Research Supports Thick Bar Use
A study from 1992 in the International Journal of Industrial Ergonomics that examined how three different bar diameters affected neuromuscular strength supports thick bar training. Researchers tested how muscular strength and neural drive vary based on the size of an industrial handle as applied to three different resistances. They compared a handle matched to the inside grip diameter, a handle one cm smaller than the inside grip, and a handle one cm larger than the inside grip, and tested electromyographic (EMG ) activity.
They found that the smallest handle elicited the greatest maximal voluntary contraction and the lowest neuromuscular activation as assessed by EMG.
The largest diameter handle triggered the greatest neuromuscular response, and the smallest maximal voluntary contraction than the other two sizes. The study population included individuals who had no resistance training experience but did regularly grip handles in their jobs and exert force.

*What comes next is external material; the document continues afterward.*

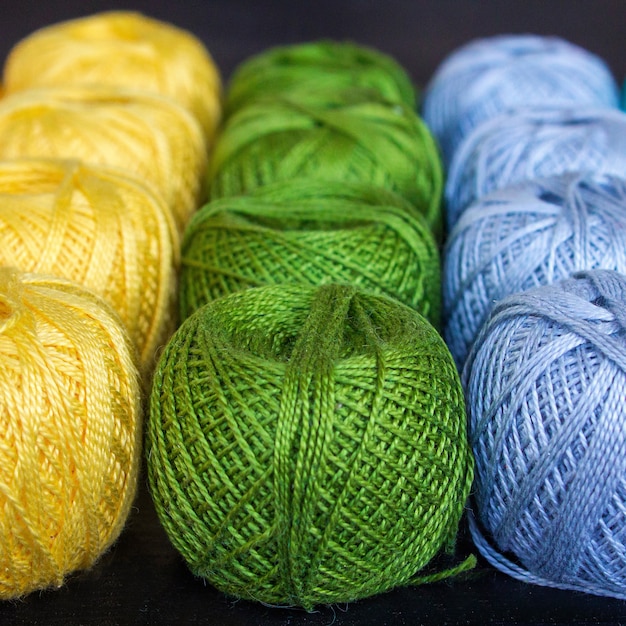 Colored threads for knitting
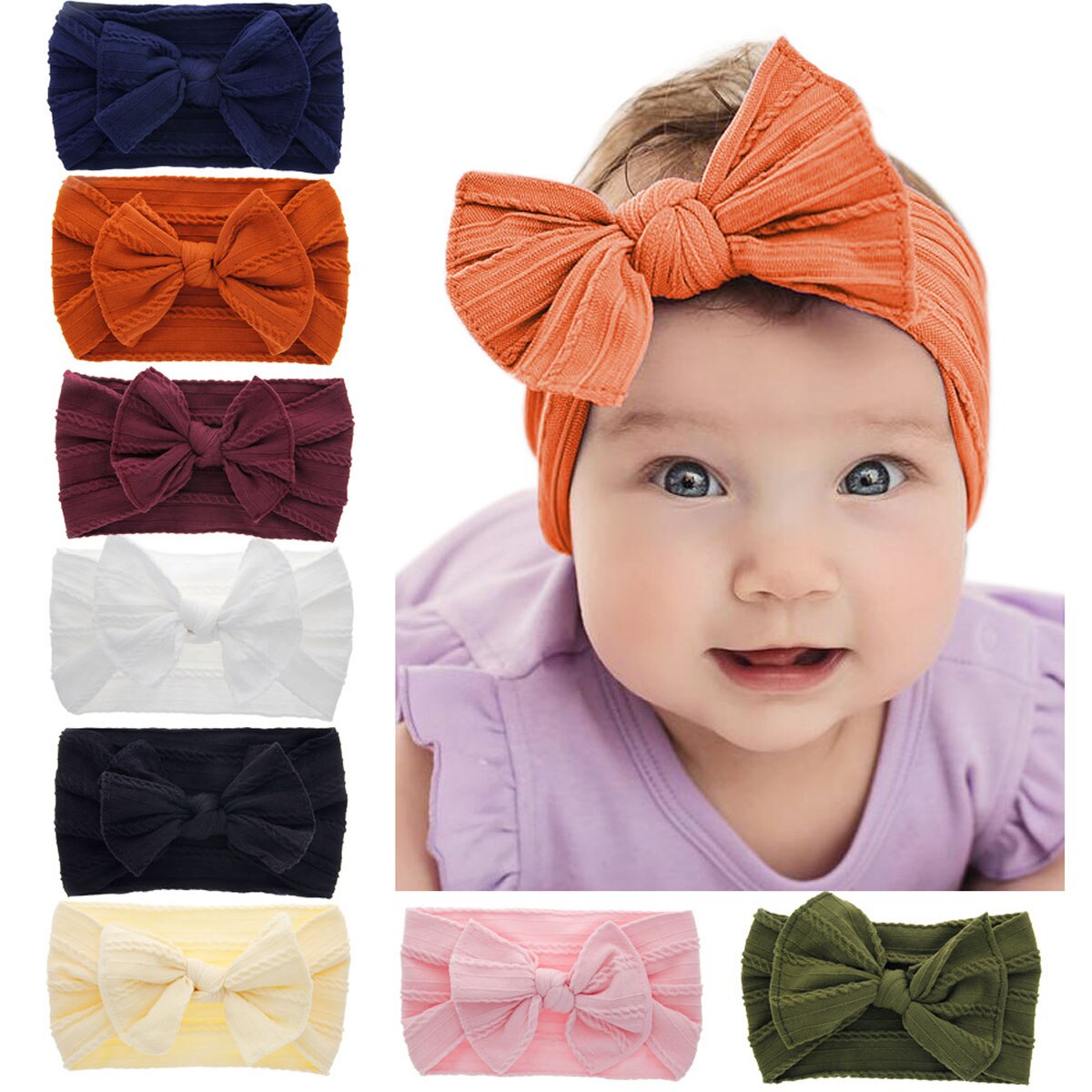 2019 Baby Accessories Kid Girl Baby Broad Headband Toddler Cotton Linen Fashion Bow Hemp Pattern Hair Band Solid Photo Props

This study supports the use of thicker bars for greater neuromuscular activation of the forearms and highlights what we will see in additional research—that maximal strength may not be as great initially with thicker bars.
The key is that with training, you’ll be able to exert greater strength when using bars with wider diameter, and will benefit from improved neural drive and improved forearm strength when you go back to lifting with a standard bar.

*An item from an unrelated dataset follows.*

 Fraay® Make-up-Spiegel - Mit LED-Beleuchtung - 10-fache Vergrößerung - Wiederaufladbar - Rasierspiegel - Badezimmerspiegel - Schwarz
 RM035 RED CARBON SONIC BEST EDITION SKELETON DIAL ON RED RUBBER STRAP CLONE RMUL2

What Exactly Happens When Pressing With Thick Bars?
A 2008 study published in the Journal of Strength and Conditioning Research may appear to give contradictory results to the 1992 research, but at closer look it just provides guidance into when and how to program thick bar training. This study tested two different bar diameters (standard size of 2.8 cm vs. thick bar or 5.1 cm) on neuromuscular activation and strength.
Researchers used college-age men with previous resistance training experience. They measured EMG for the pectoralis major and the forearm flexors during a unilateral isometric bench press at an intensity of 80 percent of the 1RM. They tested isometric activity at two joint angles in the bench press: the first angle was with the elbow joint at a 45 degree angle; the second position was with a 90 degree angle at the elbow joint and the shoulder joint parallel to the elbow joint. Participants performed three repetitions for each exercise and held the contraction for five seconds.

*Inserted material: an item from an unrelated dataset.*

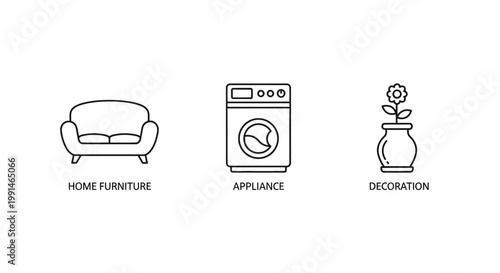 Minimalist home furnishings and appliances shown as a black silhouette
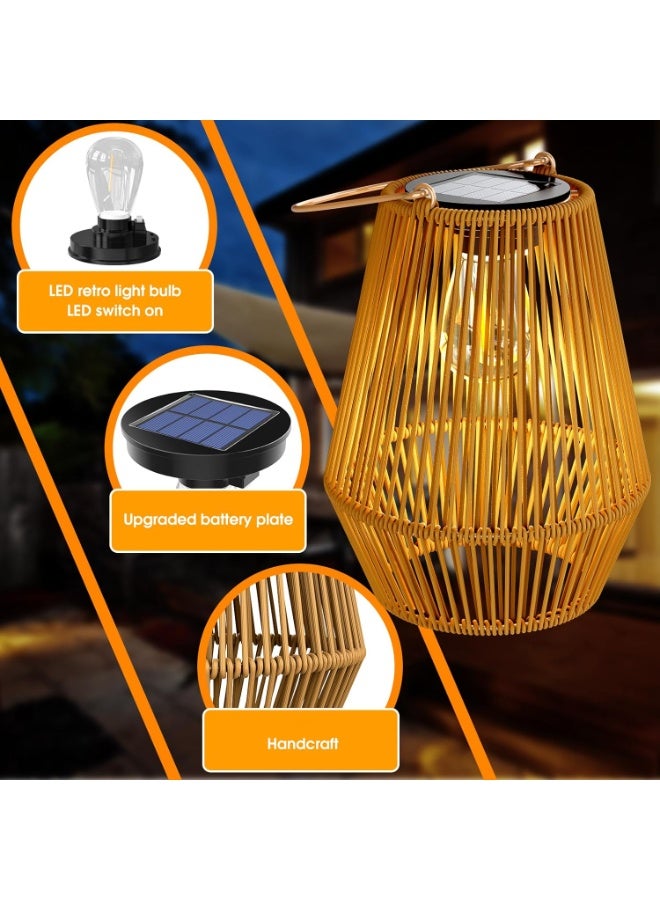 Zarmanuae Solar Lanterns Outdoor, Rattan Waterproof Solar Lights for Outside Hanging Solar Lights Outdoor Solar Lamp Lights Decoration for Garden Yard Patio Porch Trees Lawn Pathway, 2 Pack - Image 2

There was no difference in maximal weight lifted between the two bars, likely because the bench press is a pushing motion and the prime mover was the pectoralis and not the forearm muscles. Also, an isometric contraction rather than a dynamic one was used, which will naturally affect force. If the lift had been a pulling exercise such as the deadlift, the maximal contraction would likely have varied based on the bar diameter as we’ll see in the 2007 study reviewed below.
Take note that there was a difference in EMG activity between the bars, and you might be surprised to find that the thinner, standard Olympic bar elicited the greatest muscle activity in the forearm muscles, indicating higher neuromuscular drive from the this bar. This was the case for the forearm muscles for both joint angles.
For the pec major at the 45 degree elbow angle there was greater EMG activity with the thin bar, but there was no difference for the pec at with the 90 degree elbow angle based on bar diameter.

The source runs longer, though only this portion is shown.